Jacquard’s Loom (Features, Components, And Uses)

Joseph Marie Jacquard invented the Jacquard loom in 1801, a mechanical device simplifying the production of textiles with intricate patterns like brocade, damask, and matelassé. Controlled by punched cards containing holes, each row corresponding to a design row, these cards, featuring multiple rows of holes, are interconnected to form the textile design.

 

Charles Babbage

Born on December 26, 1791, into a London banking family, Charles Babbage proposed a machine capable of 60 calculations per second, laying the groundwork for modern computing.

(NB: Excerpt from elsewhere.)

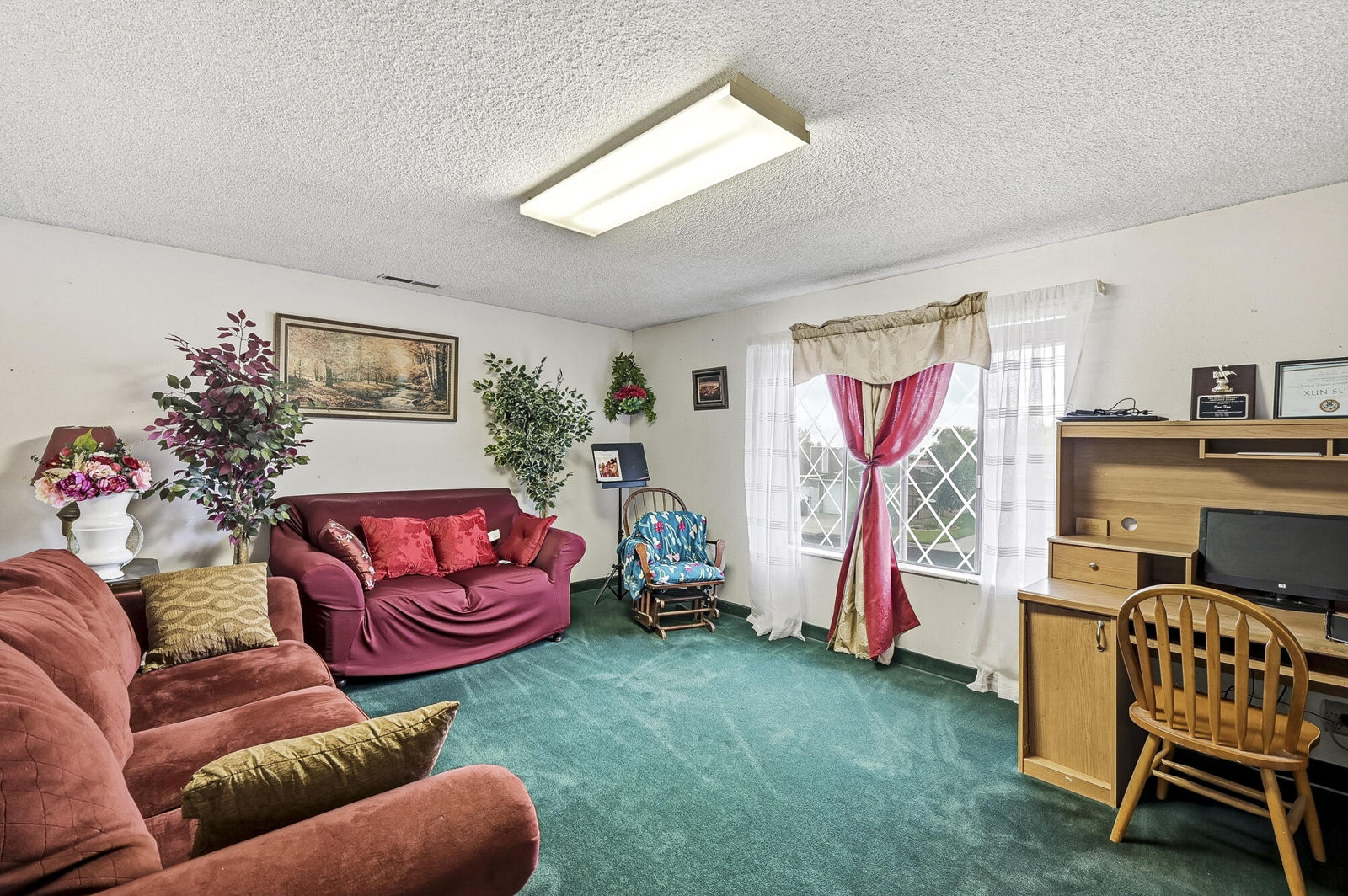487 W Pinecone DR, Cedar City, photo 4 of 38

Celebrating his 200th birth anniversary on November 1, 1991, scientists and engineers constructed the Difference Engine No. 2 based on his concept, honoring the father of modern computers.

 

The computer includes the following features:

  1. Sequential control of arithmetic operations
  2. Punched cards recording the program or steps for the engine
  3. Memory (1000 words of 50 digits)
  4. Arithmetic unit
  5. Input
  6. Output

 

Analytical Engine (Components, Features, And Uses)

The analytical engine, conceived by Charles Babbage, represented a novel mechanical computer capable of complex calculations, including multiplication and division. Its fundamental components mirror those found in today’s computers, featuring a CPU, Mill, and memory known as the “store.” The device had a reader for inputting instructions and a printer, the precursor to modern inkjet and laser printers, for recording results on paper.

 

Hollerith Census Machine

Herman Hollerith’s tabulator, an electrically operated system, processed census data by reading holes on paper punch cards. Key components included:

  1. Pantograph: Transferred census data from schedules to punch cards.
  2. Card reader
  3. Sorting table: Specified card placement based on registered data.

 

Burroughs Machines

In 1884, William Burroughs constructed his first experimental adding machine with printed output. Noteworthy features included a high sloping keyboard, a beveled glass front, and a concealed printing mechanism at the machine’s rear. The machine exclusively performed additions, lacking direct subtraction or complement addition. It featured two large keys for totals and subtotals and three smaller keys for non-add operations.